Built and trained a deep neural network to classify traffic signs using Tensorflow

Primary LanguageHTMLMIT LicenseMIT

Traffic Sign Classification

In this project, I've built and trained a deep neural network to classify German traffic signs using Tensorflow and Scikit-Learn's Pipeline framework.


Getting Started

You can set up the required python library as follows:

conda env create -f environments-gpu.yml  # with GPU

If you have no CUDA-enabled GPU, you can use the following:

conda env create -f environments.yml  # with CPU

You can start the notebook as follows:

jupyter notebook Traffic_Sign_Classifier.ipynb

Alternatively, you can view the notebook in the HTML export (Traffic_Sign_Classifier.html).

Train and Test Data

The project is initially based on one of the assignments in the Udacity’s Self-Driving Car Engineer course. After completion, I re-worked on the project using the original image data format from German Traffic Sign Benchmarks website so that it does not require people to use the images from the Udacity (which is already resized to 32x32 and in the pickle format).

How to Download

I downloaded them to my machine as follows:

> mkdir data

> # use wget or curl 
> wget http://benchmark.ini.rub.de/Dataset/GTSRB_Final_Training_Images.zip
> unzip GTSRB_Final_Training_Images.zip
> mv GTSRB/Final_Training data/

> wget http://benchmark.ini.rub.de/Dataset/GTSRB_Final_Test_Images.zip
> unzip GTSRB_Final_Test_Images.zip
> mv GTSRB/Final_Test/ data/

> wget http://benchmark.ini.rub.de/Dataset/GTSRB_Final_Test_GT.zip
> unzip GTSRB_Final_Test_GT.zip
> mv GT-final_test.csv data/Final_Test/Images/

Folder Structure

The training images are organized in folders by category. Each folder is meant for one category (i.e. stop sign) and has a label file (.csv) which is actually semi-colon delimited (not comma delimited).

 + Final_Training
    + Images
        + 00000
            + 00000_00000.ppm
            + 00000_00001.ppm
            + GT-00000.csv
        + 00001
            + 00000_00000.ppm
            + 00000_00001.ppm
            + GT-00001.csv

All images are stored in the PPM format (Portable Pixmap, P6). You'll need to install both matplotlib and pillow to handle such image format. If you use one of the evironments yml files in this repository, this will be taken care of.

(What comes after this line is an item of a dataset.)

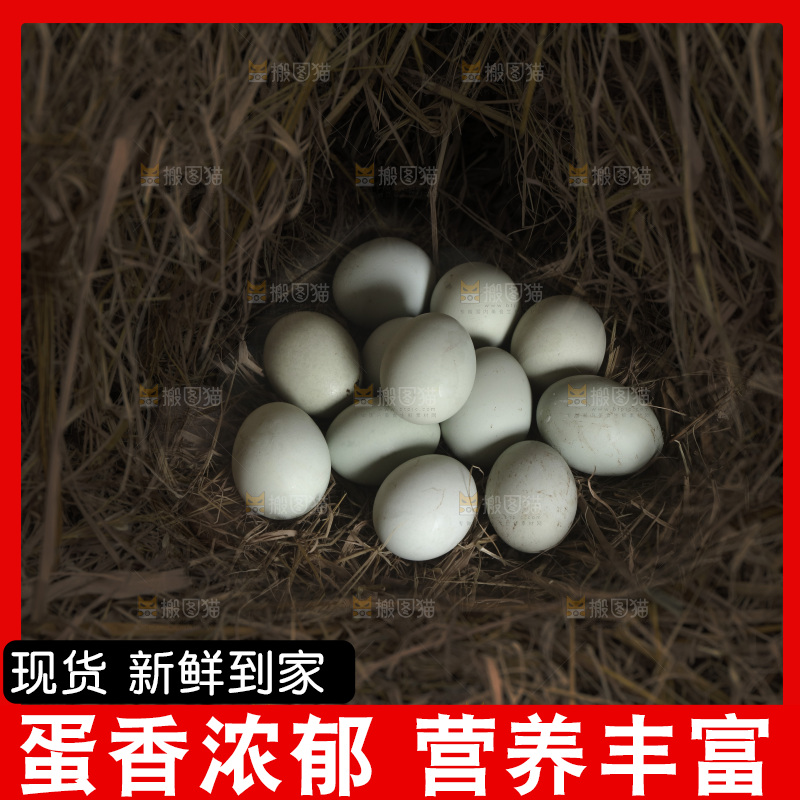 土鸡蛋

Test images do not have category folders but all are kept in one place with one label file.

 + Final_Test
    + Images
        + 00000.ppm
        + 00001.ppm
        + ...
        + GT-final_test.csv      # Extended annotations including class ids
        + GT-final_test.test.csv

Model Architecture


The model is based on LeNet by Yann LeCun. It is a convolutional neural network designed to recognize visual patterns directly from pixel images with minimal preprocessing. It can handle hand-written characters very well.

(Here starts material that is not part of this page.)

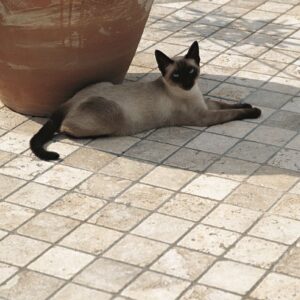Senini Stone srl | TRAVERTINO ETRUSCO 10 X 10 TUMBLED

Source: http://yann.lecun.com/exdb/publis/pdf/lecun-98.pdf

  • The inputs are 32x32 (Black-White 1 channel) images
  • LeNet uses 2x2 sub-sampling (valid padding, max pooling) in convolutional layers (no dropout)
  • LeNet uses a sigmoid squashing function - a scaled hyperbolic tangent: $Atanh(Sa)$ where A=1.7159 and S=2/3
  • LeNet has one 7x12 bitmap for each class, which is a label. There are 10 classes (the digits '0' - '9')
  • 7x12 = 84 which is why the output is 84
  • The output is compared with all the labels (bitmaps) to calculate the error
  • The class with the smallest error is an estimated digit value

The Model

Our model is adapted from the LeNet as follows.

  • The inputs are 32x32 (RGB - 3 channels) images
  • The activation function is ReLU except for the output layer which uses Softmax
  • The output has 43 classes
Layer Shape
Input 32x32x3
Convolution (valid, 5x5x6) 28x28x6
Max Pooling (valid, 2x2) 14x14x6
Activation (ReLU) 14x14x6
Convolution (valid, 5x5x16) 10x10x16
Max Pooling (valid, 2x2) 5x5x16
Activation (ReLU) 5x5x16
Flatten 400
Dense 120
Activation (ReLU) 120
Dense 43
Activation (Softmax) 43

Pipeline Implementation

The pipeline folder has all the Python classes for building pipelines using the Tensorflow and Scikit-Learn's Pipeline framework. I used pipelines extensively to test out various preprocessing and network architecture scenarios.

It allows me to write convolutional neural networks as follows:

INPUT_SHAPE = (32, 32, 3)

def make_network1(input_shape=INPUT_SHAPE):
    return (NeuralNetwork()
            .conv([5, 5, 6])
            .conv([5, 5, 16])

A network is then adapted into an estimator that can be used as part of Scikit-Learn's Pipeline object. I also have a helper class to adapt any functions into a transformer that can be used in a Pipeline object.